After building this dataset, I pulled it out of the datalake and made the plots below to evaluate how ORES algorithms in terms of fairness. I considered two notions of "fairness" that can be applied to classification systems. Both notions adopt a frame that fairness constitutes of equal treatment regardless of status. To people thinking about algorithms in the criminal justice system, "status" might refer to a person's race. Here we consider how the algorithm treats editors who might be newcomers or anonymous.

When I think about fairness, I care about more than whether the algorithm says that newcomer and anonymous editors make worse edits on average.

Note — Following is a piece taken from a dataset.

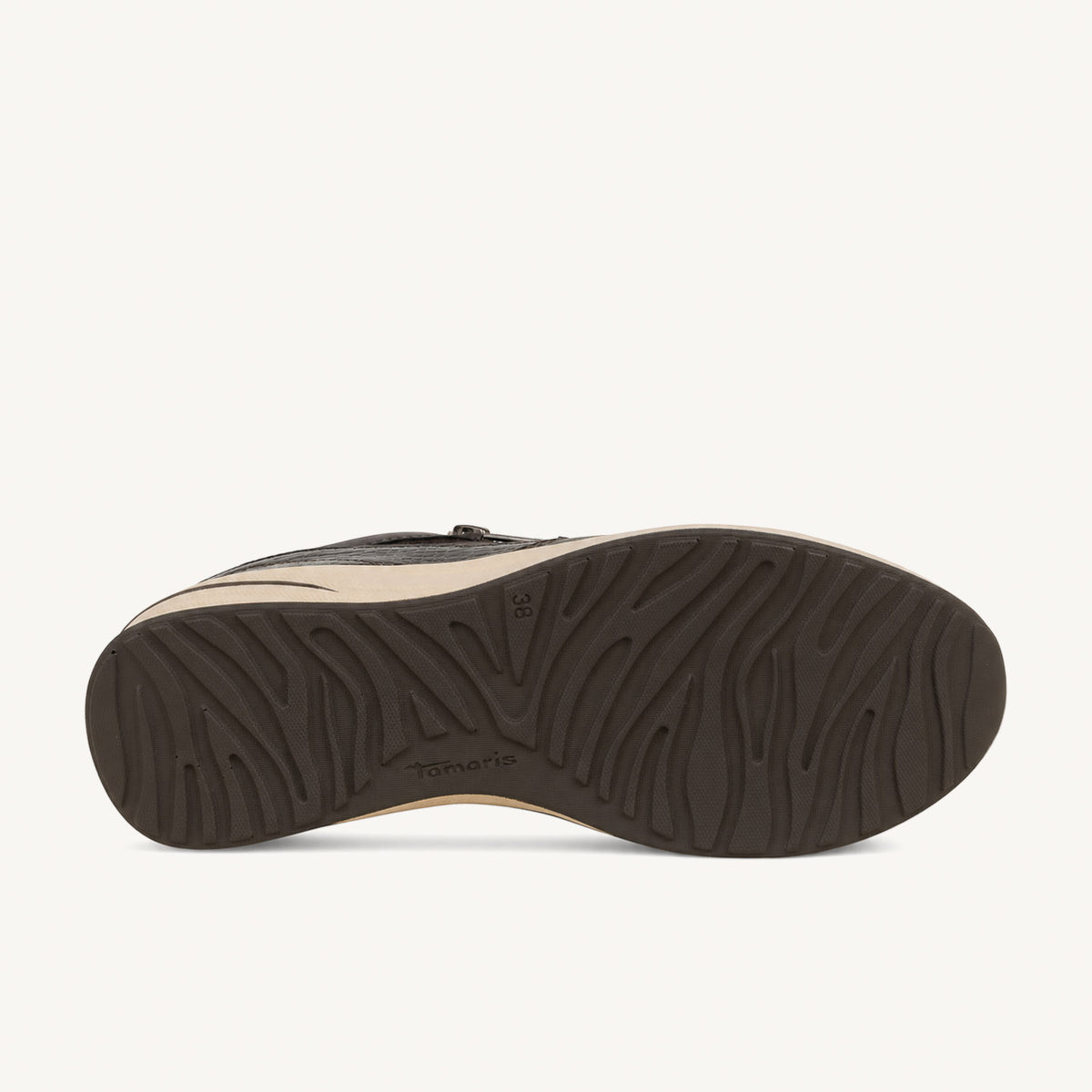 Baskets Femme TAMARIS 23754 - TAGRINCH Marron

This might be true (it almost certainly is), and it would be surprising if an algorithm not explicitly designed to favor such editors didn't scrutinize their edits. Such an algorithm might be considered fair or unfair depending on how we define "fairness," which is not an easy or obvious thing to do, as we will see.

I considered two possible ways of defining fairness. The first is calibration. A well-calibrated classifier predicts similarly accurate probabilities regardless of status. It is free to predict that newcomers (or anons) have a higher probability of making damaging edits compared to normal editors. But if it systematically over-estimates this probability, then we would say that it is biased against newcomers (or anons) in terms of calibration.

The second fairness criteria I consider is balance. As with calibration, a balanced classifier is free to associate newcomers and anons with a greater risk of making damaging edits. But instead of looking at the predicted probabilities, balance considers the kinds of errors the algorithm makes. A false-positive error occurs when the model predicts damage, but the edit was not truely damaging. Since having your edit labeled damaging is a bad thing, a model with a higher false-positive-rate (fpr) for newcomers (or anons) compared to normal (neither newcomer nor anonymous) editors is biased in terms of false-positive balance. If ORES has this kind of bias then edits by newcomers (or anons) will be more likely to be labeled as damaging when they are actually good edits compared to other editors.

Similarly, a false-negative error occurs when the model predicted that the edit was good, but the edit was actually damaging. Similarly, a model with a lower false-negative-rate (fnr) is based in terms of false-negative balance. If ORES has this kind of bias then edits by newcomers (or anons) will be less likely to be labeled as good when they are actually good compared to other editors.

It turns out that, while both of these notions of classifier fairness might seem reasonable or intuitive, that it isn't possible in practice to have them both (unless your model is a perfect predictor or the status is irrelavent). ^[1]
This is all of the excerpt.